Task objective: Say how many lines of the material below contain the word "Boys", with no other words.

====== Information given ======

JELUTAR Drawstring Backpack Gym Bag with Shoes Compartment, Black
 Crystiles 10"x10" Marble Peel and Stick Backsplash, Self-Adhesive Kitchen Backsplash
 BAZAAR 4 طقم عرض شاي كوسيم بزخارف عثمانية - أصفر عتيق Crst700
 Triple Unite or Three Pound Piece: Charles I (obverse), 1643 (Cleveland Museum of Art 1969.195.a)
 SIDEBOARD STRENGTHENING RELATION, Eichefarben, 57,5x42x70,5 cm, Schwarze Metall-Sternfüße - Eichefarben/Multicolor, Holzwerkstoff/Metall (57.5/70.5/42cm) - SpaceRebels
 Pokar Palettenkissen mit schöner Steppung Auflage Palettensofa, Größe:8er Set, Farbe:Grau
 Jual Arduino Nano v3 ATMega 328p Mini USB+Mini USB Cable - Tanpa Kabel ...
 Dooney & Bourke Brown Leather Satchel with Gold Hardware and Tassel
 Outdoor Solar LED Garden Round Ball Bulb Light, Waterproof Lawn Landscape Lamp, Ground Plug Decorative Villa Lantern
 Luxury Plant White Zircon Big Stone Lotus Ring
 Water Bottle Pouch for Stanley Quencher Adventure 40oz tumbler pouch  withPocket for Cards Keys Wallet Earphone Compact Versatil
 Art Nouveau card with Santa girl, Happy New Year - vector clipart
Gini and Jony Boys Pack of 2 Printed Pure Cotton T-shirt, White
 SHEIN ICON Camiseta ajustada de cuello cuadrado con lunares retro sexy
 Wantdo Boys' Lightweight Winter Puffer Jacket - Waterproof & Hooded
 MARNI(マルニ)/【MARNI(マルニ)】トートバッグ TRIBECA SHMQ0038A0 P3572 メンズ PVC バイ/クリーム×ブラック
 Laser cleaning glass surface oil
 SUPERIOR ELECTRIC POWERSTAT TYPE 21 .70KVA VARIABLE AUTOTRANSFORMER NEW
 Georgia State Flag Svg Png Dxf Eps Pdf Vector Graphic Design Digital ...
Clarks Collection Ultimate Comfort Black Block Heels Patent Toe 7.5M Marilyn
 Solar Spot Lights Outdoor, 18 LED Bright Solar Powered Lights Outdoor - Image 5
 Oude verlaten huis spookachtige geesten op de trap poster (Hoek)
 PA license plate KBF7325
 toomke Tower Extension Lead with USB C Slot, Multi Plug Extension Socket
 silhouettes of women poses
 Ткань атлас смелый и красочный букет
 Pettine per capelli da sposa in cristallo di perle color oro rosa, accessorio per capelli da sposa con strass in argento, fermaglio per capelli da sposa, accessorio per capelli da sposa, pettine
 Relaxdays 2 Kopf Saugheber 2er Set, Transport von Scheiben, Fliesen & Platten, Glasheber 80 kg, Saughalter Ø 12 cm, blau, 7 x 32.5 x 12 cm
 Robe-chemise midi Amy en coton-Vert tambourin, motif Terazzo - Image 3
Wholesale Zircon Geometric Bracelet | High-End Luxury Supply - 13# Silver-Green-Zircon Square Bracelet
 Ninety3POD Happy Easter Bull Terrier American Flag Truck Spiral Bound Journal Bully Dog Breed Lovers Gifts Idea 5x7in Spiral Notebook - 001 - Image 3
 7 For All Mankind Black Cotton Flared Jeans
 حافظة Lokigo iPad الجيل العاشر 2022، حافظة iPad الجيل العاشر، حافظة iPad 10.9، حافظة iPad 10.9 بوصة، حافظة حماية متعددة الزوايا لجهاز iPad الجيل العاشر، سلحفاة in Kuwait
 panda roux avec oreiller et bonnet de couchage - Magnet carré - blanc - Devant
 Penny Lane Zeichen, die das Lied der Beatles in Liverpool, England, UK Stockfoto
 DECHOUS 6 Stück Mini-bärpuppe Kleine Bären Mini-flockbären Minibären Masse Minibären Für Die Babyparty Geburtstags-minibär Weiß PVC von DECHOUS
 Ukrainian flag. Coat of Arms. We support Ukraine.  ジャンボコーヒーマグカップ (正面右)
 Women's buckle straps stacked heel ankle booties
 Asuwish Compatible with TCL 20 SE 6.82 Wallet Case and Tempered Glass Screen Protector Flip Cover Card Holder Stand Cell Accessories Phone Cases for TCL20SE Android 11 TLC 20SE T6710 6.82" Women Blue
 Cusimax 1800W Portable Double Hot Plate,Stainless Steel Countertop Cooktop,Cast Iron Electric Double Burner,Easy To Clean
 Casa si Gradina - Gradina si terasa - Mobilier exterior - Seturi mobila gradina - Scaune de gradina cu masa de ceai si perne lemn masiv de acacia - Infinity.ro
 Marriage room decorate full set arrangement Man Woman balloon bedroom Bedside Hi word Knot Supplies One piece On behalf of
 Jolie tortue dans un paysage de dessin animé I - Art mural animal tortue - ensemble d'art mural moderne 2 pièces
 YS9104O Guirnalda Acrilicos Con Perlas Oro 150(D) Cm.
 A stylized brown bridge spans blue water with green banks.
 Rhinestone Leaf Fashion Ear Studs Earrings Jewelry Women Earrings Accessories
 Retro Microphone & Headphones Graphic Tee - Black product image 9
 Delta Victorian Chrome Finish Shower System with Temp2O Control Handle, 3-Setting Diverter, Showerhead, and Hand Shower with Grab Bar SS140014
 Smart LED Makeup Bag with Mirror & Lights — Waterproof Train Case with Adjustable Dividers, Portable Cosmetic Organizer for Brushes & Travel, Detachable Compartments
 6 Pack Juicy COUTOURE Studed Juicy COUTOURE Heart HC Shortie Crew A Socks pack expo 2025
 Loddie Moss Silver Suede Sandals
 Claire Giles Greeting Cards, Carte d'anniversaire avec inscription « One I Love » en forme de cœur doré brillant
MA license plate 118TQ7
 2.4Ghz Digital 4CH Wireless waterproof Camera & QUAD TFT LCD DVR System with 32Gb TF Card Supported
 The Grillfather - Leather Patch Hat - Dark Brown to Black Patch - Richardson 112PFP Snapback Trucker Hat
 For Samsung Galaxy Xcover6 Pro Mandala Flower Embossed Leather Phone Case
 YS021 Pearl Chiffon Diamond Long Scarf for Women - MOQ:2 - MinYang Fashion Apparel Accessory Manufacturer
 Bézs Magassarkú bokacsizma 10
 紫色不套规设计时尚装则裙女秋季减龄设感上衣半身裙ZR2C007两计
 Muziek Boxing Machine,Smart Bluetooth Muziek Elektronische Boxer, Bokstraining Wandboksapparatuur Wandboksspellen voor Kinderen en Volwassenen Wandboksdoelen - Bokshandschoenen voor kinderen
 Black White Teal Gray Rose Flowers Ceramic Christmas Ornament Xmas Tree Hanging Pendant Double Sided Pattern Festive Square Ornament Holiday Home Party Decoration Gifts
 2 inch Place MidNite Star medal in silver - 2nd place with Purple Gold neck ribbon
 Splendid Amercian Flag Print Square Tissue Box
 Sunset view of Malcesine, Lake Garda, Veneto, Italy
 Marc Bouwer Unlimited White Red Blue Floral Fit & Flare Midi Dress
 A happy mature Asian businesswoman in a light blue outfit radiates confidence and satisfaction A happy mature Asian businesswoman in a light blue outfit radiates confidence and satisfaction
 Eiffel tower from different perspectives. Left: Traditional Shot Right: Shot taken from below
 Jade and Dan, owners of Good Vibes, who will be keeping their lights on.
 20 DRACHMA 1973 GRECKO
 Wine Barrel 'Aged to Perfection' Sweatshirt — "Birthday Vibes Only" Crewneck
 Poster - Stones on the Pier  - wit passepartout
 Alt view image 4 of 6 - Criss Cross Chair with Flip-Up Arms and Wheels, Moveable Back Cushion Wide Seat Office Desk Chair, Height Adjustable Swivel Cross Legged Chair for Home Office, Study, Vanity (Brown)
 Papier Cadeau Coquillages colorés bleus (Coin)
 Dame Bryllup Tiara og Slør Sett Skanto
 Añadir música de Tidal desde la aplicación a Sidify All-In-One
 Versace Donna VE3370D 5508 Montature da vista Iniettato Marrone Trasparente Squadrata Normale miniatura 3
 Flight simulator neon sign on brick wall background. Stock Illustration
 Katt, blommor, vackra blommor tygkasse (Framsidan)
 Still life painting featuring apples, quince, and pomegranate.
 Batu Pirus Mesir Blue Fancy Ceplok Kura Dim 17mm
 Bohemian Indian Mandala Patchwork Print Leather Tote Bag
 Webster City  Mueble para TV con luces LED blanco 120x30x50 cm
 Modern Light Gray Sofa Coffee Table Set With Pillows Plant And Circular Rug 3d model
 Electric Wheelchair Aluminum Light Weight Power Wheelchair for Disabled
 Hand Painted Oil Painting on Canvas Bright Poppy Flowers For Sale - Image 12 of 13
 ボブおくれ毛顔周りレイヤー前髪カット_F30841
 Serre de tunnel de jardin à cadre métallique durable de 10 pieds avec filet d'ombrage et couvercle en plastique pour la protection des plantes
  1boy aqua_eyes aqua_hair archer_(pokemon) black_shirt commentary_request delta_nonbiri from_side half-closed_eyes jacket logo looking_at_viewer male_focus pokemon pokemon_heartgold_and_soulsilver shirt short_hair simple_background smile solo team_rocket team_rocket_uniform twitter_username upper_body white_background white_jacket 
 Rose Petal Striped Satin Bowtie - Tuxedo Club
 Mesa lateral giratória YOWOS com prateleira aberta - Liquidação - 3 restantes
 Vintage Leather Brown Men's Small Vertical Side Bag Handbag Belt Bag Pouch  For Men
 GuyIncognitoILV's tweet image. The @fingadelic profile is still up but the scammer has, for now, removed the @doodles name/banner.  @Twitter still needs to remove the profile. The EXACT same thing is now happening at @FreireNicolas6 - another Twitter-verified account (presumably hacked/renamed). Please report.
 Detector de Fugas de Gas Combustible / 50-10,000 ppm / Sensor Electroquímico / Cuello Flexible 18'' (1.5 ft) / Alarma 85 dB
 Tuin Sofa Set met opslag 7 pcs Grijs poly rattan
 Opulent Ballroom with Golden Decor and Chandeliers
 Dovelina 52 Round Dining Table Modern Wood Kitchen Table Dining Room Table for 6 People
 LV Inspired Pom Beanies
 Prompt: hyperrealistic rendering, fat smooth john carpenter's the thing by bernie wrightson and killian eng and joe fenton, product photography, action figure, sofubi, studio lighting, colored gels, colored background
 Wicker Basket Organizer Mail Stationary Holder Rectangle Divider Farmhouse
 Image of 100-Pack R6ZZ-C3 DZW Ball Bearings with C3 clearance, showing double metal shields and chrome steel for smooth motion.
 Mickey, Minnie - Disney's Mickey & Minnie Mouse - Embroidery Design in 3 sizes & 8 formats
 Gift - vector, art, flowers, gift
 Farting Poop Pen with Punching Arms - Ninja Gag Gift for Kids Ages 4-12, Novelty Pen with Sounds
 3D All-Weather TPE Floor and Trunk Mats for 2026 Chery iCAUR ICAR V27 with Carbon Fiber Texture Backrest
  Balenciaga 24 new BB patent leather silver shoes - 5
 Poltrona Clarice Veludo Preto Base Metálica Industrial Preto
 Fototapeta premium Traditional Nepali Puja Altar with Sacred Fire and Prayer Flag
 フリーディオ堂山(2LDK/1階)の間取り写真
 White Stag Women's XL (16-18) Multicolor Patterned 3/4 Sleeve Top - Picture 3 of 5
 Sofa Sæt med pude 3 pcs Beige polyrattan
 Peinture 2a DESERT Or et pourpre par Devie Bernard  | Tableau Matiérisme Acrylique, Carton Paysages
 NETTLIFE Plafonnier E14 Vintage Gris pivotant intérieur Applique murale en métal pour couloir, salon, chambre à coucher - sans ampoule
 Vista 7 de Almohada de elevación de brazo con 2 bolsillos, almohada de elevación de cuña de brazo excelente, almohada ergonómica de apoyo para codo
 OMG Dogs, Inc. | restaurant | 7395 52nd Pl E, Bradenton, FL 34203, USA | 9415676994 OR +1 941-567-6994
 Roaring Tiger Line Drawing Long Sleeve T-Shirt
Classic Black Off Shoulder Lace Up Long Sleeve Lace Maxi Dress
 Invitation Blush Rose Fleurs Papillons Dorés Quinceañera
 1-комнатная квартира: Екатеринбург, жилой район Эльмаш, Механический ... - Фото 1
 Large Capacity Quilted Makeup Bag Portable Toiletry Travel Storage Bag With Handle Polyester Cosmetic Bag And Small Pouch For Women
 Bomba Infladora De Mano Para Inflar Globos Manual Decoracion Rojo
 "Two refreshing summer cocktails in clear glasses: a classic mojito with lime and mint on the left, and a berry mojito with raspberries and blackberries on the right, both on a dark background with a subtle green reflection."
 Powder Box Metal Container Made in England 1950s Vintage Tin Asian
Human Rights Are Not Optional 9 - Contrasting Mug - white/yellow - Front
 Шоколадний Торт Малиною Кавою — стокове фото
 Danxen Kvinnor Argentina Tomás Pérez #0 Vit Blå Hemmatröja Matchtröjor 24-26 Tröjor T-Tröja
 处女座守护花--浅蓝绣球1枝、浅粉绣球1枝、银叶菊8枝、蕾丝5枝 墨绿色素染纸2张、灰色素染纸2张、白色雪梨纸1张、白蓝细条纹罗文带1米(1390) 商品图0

======

Completed exercise: 2